Scraped caption text data
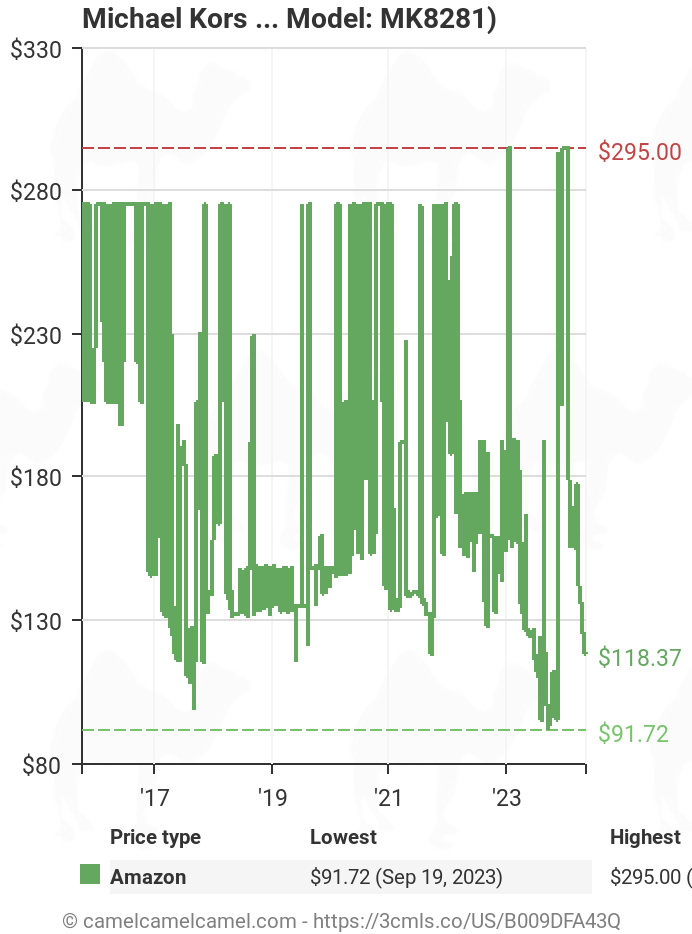 Michael Kors Lexington Gold-Tone Stainless Steel Watch MK8281 | Amazon  price tracker / tracking, Amazon price history charts, Amazon price watches,  Amazon price drop alerts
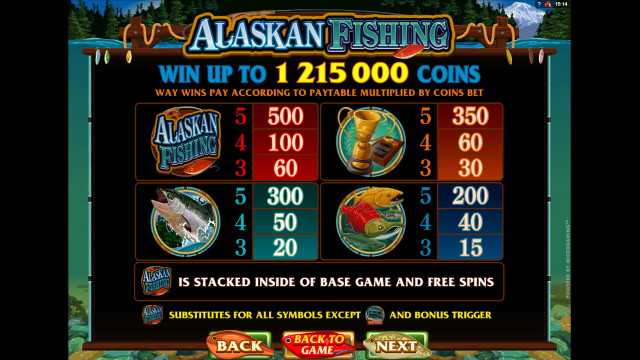 Бонусная игра Alaskan Fishing 2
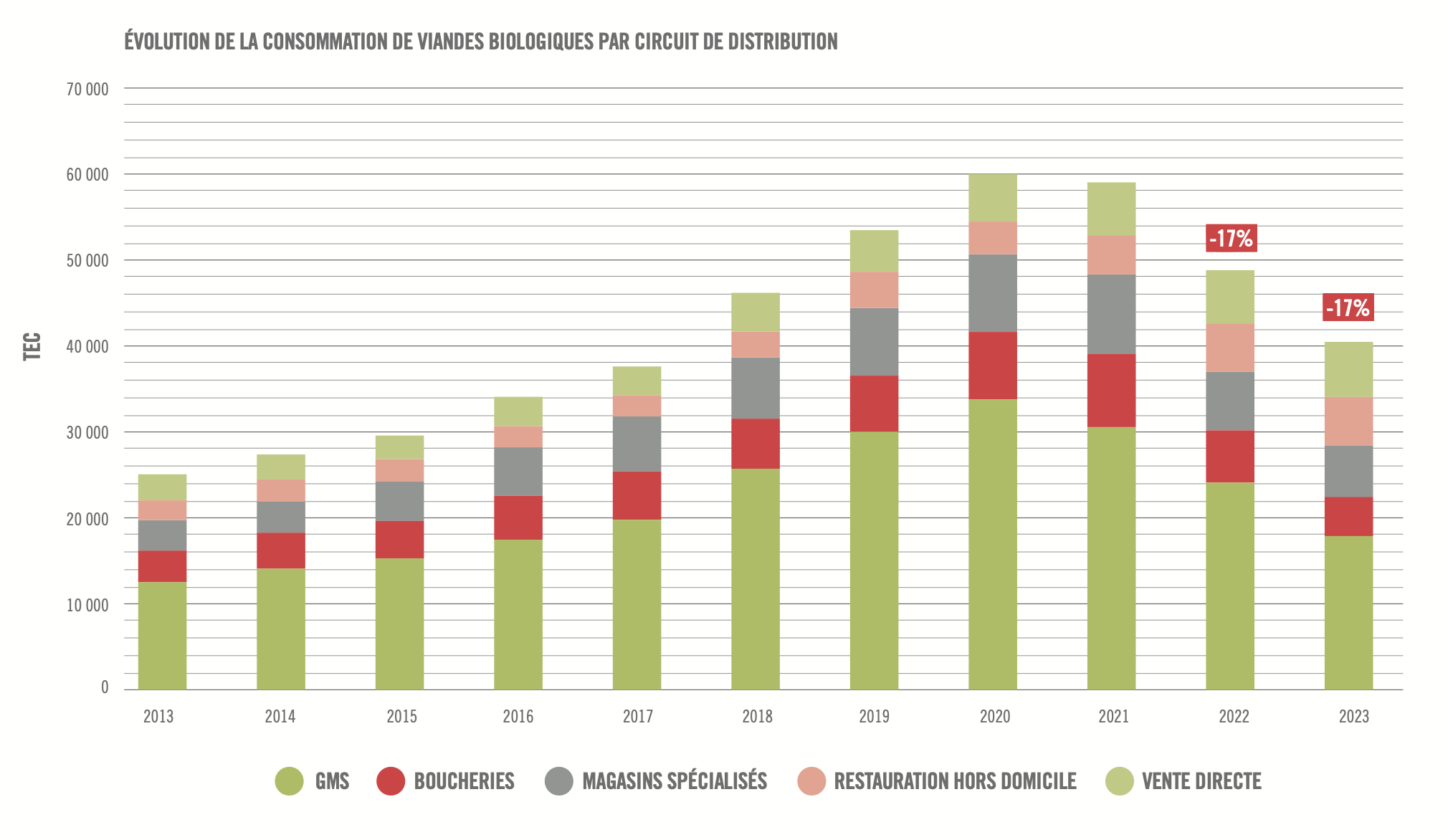 Evolution de la consommation des viandes bio par circuite de distribution (Source : Interbev)
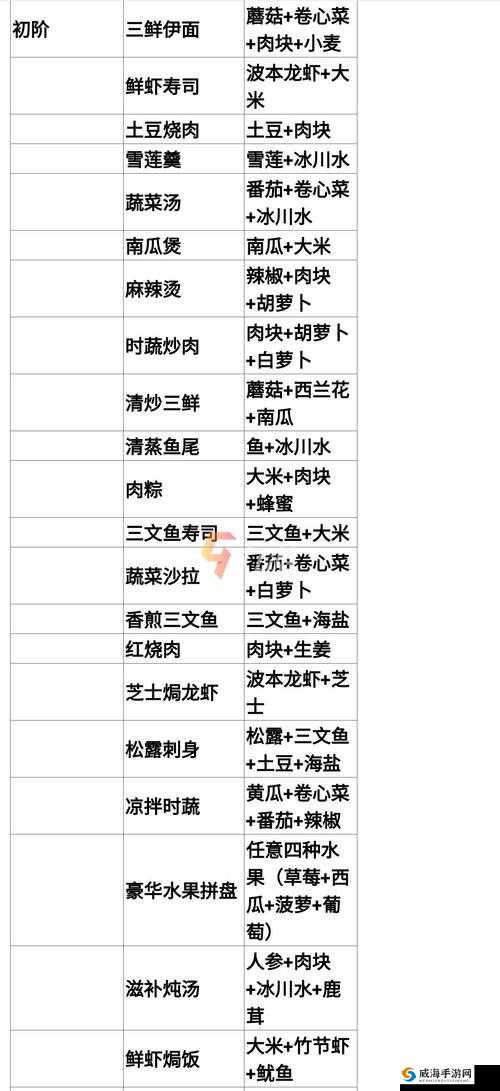 神角技巧食谱大揭秘
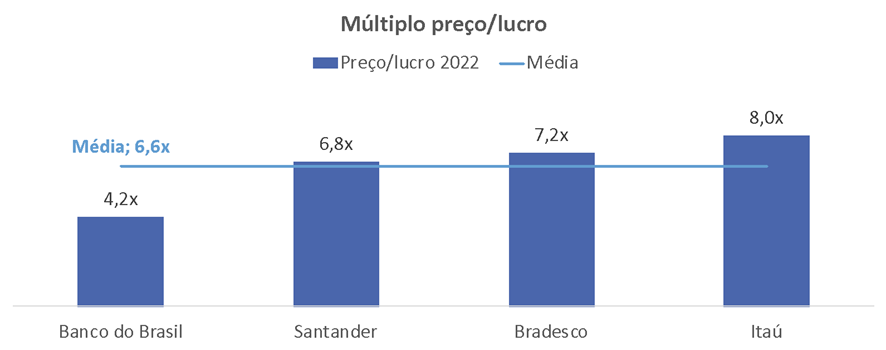 múltiplo preço/lucro dos maiores bancos brasileiros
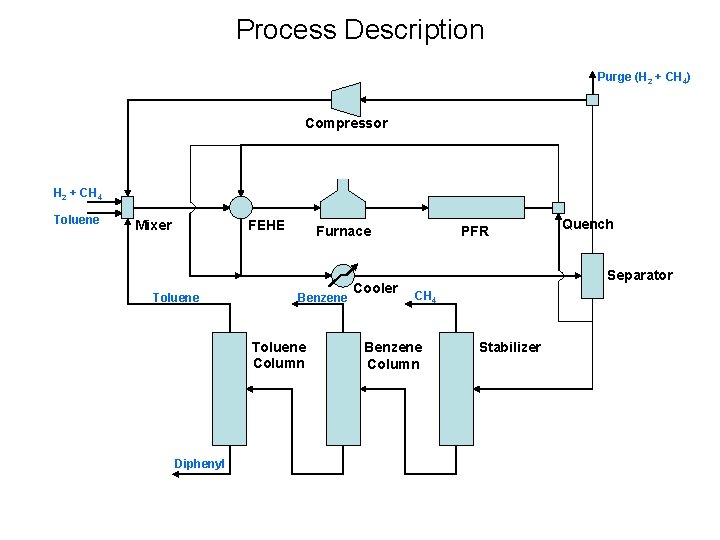 Process Description Purge (H 2 + CH 4) Compressor H 2 + CH 4 Process Description Purge (H 2 + CH 4) Compressor H 2 + CH 4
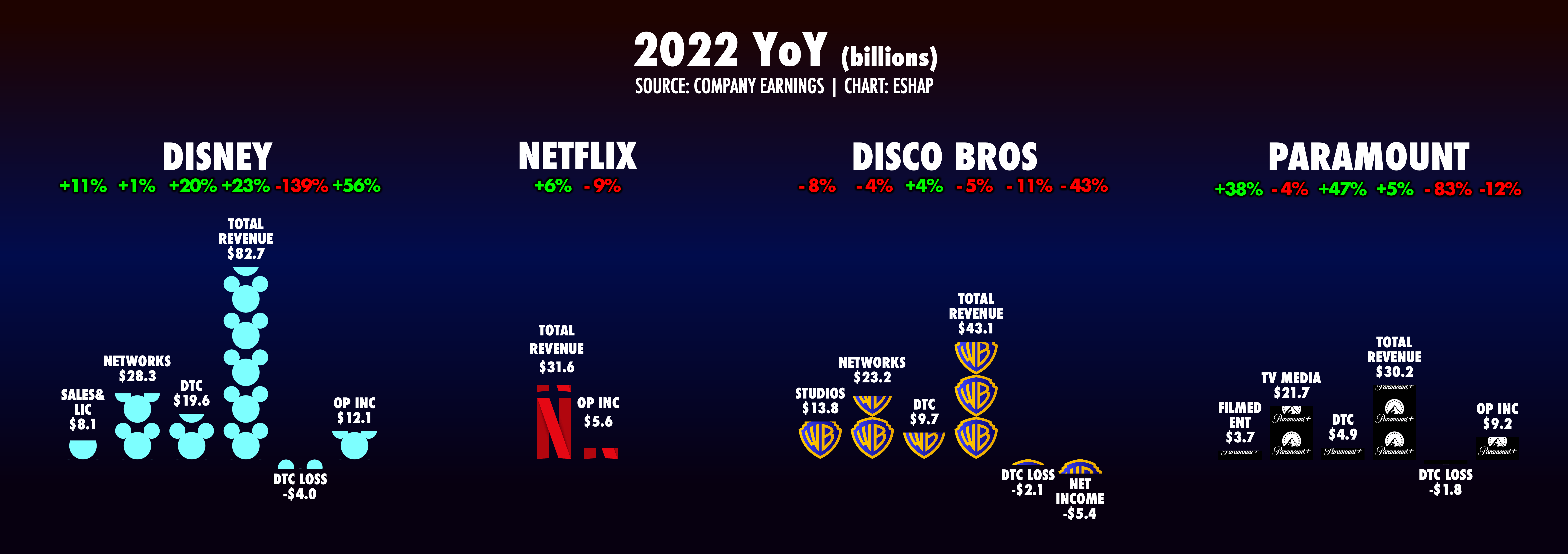 2022 Media Company Executive Pay: What Disney, Paramount, WBD CEOs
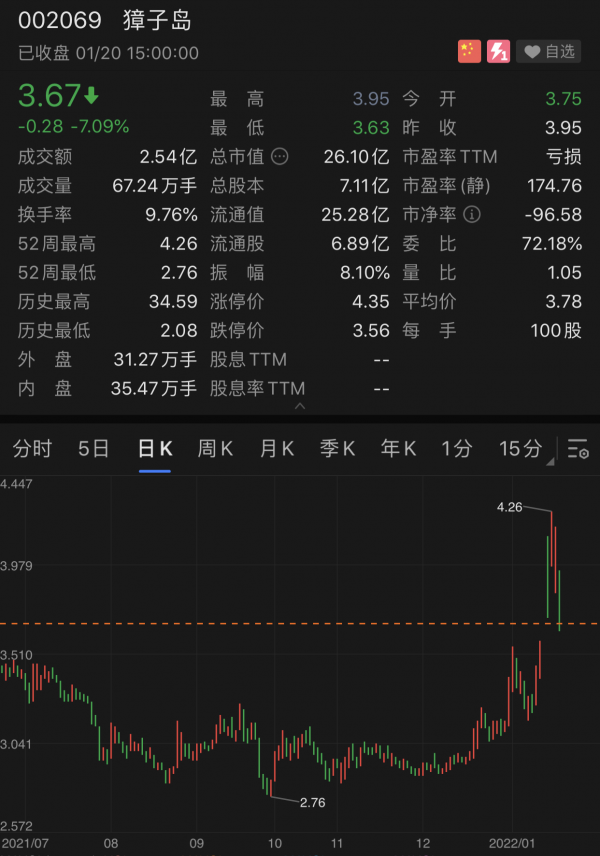 獐子岛预计去年净利润最高下滑60股民调侃扇贝又跑了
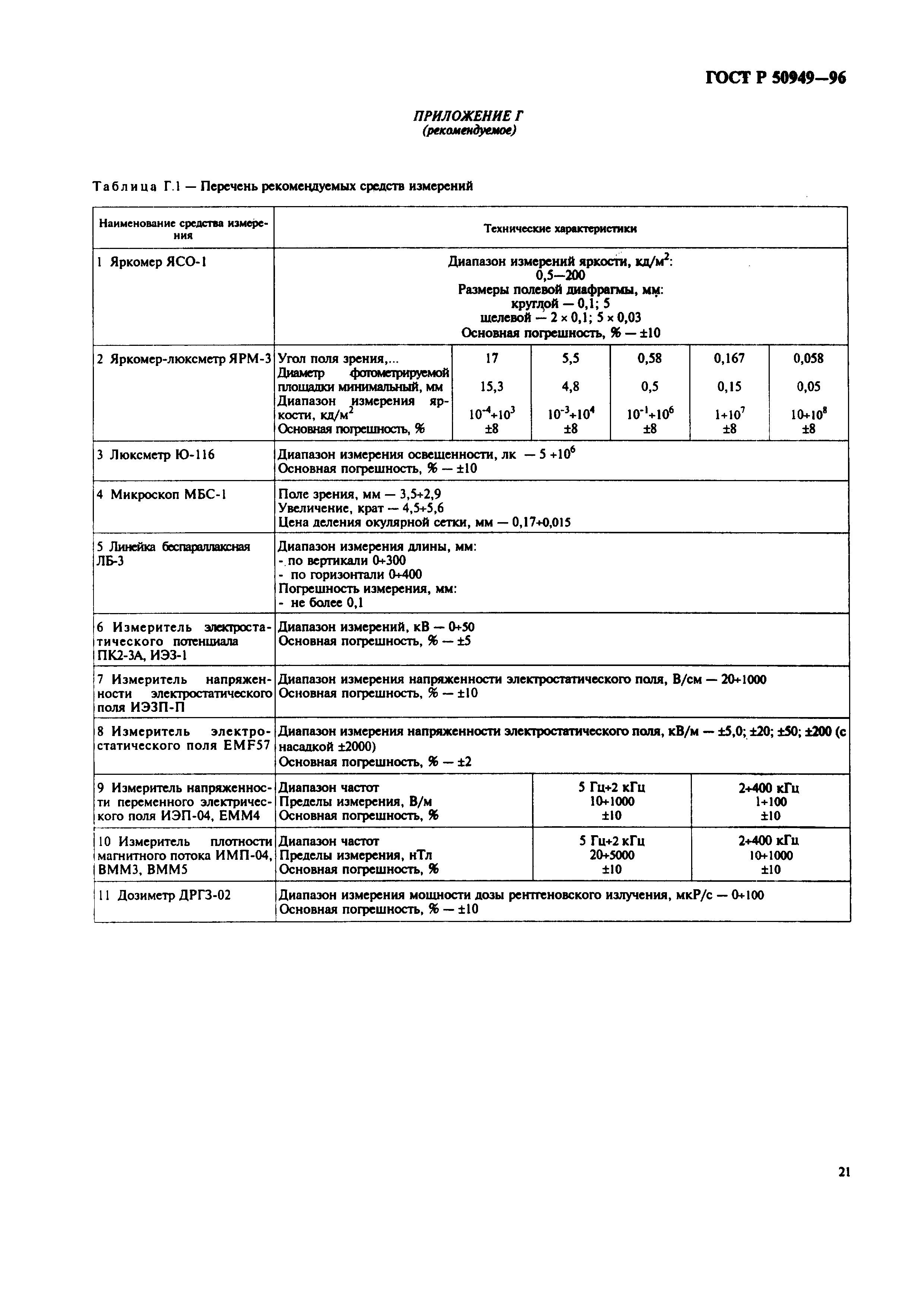 Страница 24 ГОСТ Р 50949-96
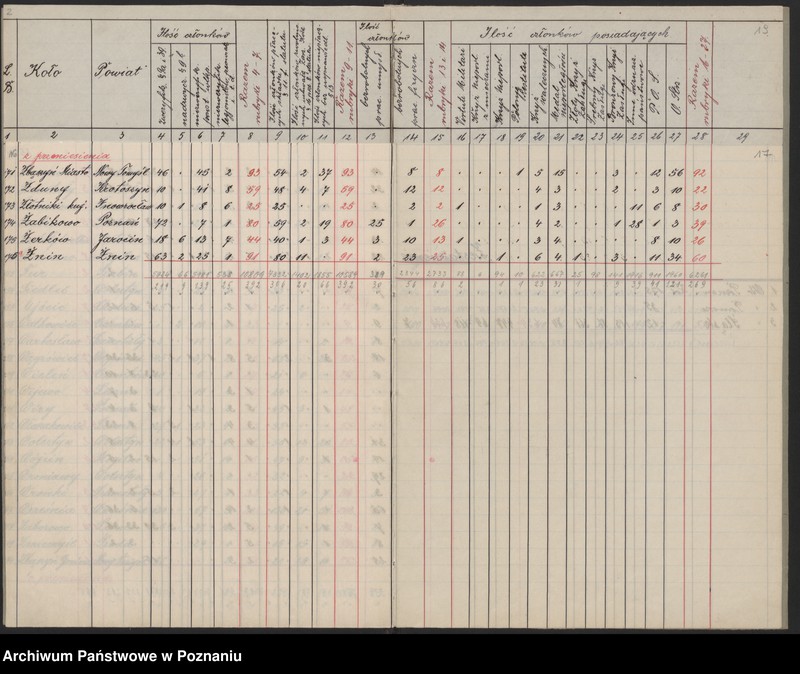 image.from.unit.number "Statystyka Związku Weteranów Powstań Narodowych. Okręg Poznański, Pomorski, Śląski."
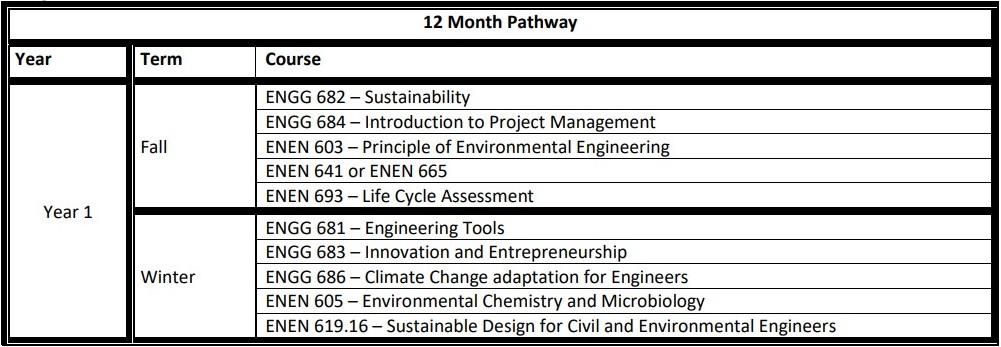 MEng Civil Engineering - Environmental Specialization MEng Civil Engineering - Environmental Specialization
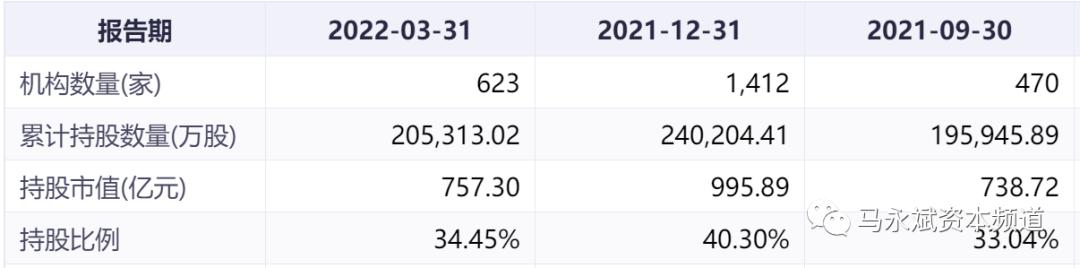 乳制品龙头股票有哪些,伊利股份乳制品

(HOW TO COMPLETE THIS TASK)
Your answer should be the lines above, word for word, from the line with "獐子岛预计去年净利润最高下滑60股民调侃扇贝又跑了" through the line with "MEng Civil Engineering - Environmental Specialization MEng", minus the pictures.

(RESULT OF THE TASK)
 獐子岛预计去年净利润最高下滑60股民调侃扇贝又跑了
 Страница 24 ГОСТ Р 50949-96
 image.from.unit.number "Statystyka Związku Weteranów Powstań Narodowych. Okręg Poznański, Pomorski, Śląski."
 MEng Civil Engineering - Environmental Specialization MEng Civil Engineering - Environmental Specialization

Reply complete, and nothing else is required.